Pretesa – aggiunge il Breda – che oggi poggia su basi più che fragili, costituzionalmente inesistenti, lanciate dal circuito 5 Stelle-Fatto Quotidiano. Ma su cui soffia aggressivamente pure Forza Italia, nella speranza di alzare il più tossico dei polveroni. In modo da intimidire il capo dello Stato, condizionarne i passi, spingerlo a sloggiare dal Colle dopo averlo pregato col cappello in mano di concedere il bis. Un pressing incrociato che si alimenta di ricostruzioni confuse o distorte, approssimative o platealmente fuorvianti, per Napolitano. Insopportabile per lui passare alla stregua di un irriducibile avversario ideologico del vecchio presidente”.

Ora, c’è una bella differenza fra chi rimprovera da sette anni a Napolitano di aver abusato continuamente dei suoi poteri e chi, come Forza Italia, lo accusa di non aver dato la grazia plenaria a B., cioè di non aver ancora abusato abbastanza. Ma, soprattutto, se Napolitano non voleva passare da irriducibile avversario di Cossiga, doveva pensarci prima. PRECISAMENTE nel 1991- ’ 92, quando in decine di interventi e articoli accusò Cossiga di minacciare “la serena dialettica tra i poteri democratici”, di tenere “comportamenti inquietanti”, di compiere “forzature istituzionali”, “fino alla sconcertante e inquietante distribuzione di etichette e di voti a giornali”; esprimeva “sconcerto e inquietudine per le sue dichiarazioni e le sue sempre più concitate reazioni”, gli intimava di “tornare sul trono”, di garantire la “libertà di critica che discende dal principio della responsabilità politica ‘ diffusa ’ del presidente della Repubblica”. E quando il Pds votò per l ’ impeachment, se ne dissociò con gli altri miglioristi solo perché non avrebbe raccolto la maggioranza in Parlamento, preferendo l’arma più efficace della richiesta di dimissioni, ma negò che la sua fosse “una dissociazione” dal Pds: “Non ho dubbi sulla gravità dei comportamenti e interventi come quelli del capo dello Stato”, che ha “assunto un ruolo politico incompatibile con la funzione”. E alla fine non escluse neppure lui l ’ impeachment: “Tre sono le vie che possono essere percorse: quella dell ’ impeachment; quella di sollecitare le dimissioni del capo dello Stato; che Cossiga si astenga da interventi impropri” che lo vedono ormai “incompatibile con il ruolo di garanzia che la Costituzione attribuisce al presidente della Repubblica”. Quindi non si capisce bene cosa smentisca la lettera. Del resto, per sapere cosa pensava Cossiga di Napolitano, basta un ’ Ansa del 16 maggio 2006, dopo il suo discorso d’insediamento: “Se avessi parlato io di modifiche alla Costituzione, bipolarismo e altre cose di natura squisitamente politica, come Napolitano ha fatto giustamente (poiché ha ben compreso che il presidente super partes è un’enorme sciocchezza e… il nostro regime da puramente parlamentare si è evoluto in quasi semipresidenziale), i gruppi parlamentari del Pci, lui e Barbera esclusi, avrebbero chiesto il mio impeachment, come avevano già fatto per aver io detto molto di meno…”.

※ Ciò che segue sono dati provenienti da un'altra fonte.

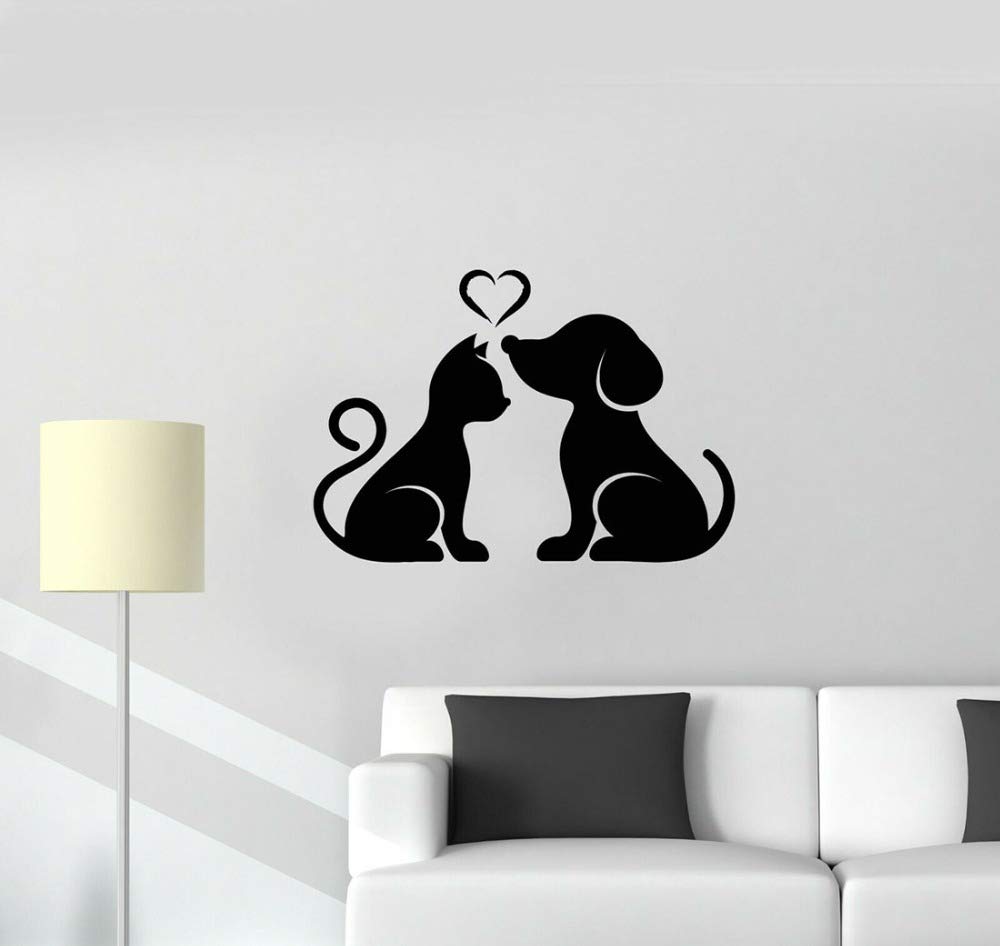 GADGETS WRAP Love Heart Dog Cat Salon Vinyl Wall Decal Animals Pets House Wall Stickers (B08B4KY6D3) Amazon Price History, Amazon Price Tracker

L’UNICA differenza fra i due è che Cossiga, quando voleva dire qualcosa, lo diceva. Napolitano, quando non vuole lasciare impronte digitali, “fa trapelare” i suoi gorgoglii da misteriose “fonti del Quirinale” tramite appositi corazzieri a mezzo stampa, secondo una forma di comunicazione molto apprezzata in Corea del Nord. Che, in Italia, ha un solo precedente: le veline del Minculpop. “Non pubblicare fotografie di Carnera a terra sul ring”, “Non pubblicare che il Duce ha ballato”, “Diminuire le notizie sul cattivo tempo”, “Riprendere la campagna contro le mosche”. Ma soprattutto: “Il discorso di oggi del Duce si può commentare. Il commento ve lo mandiamo noi”.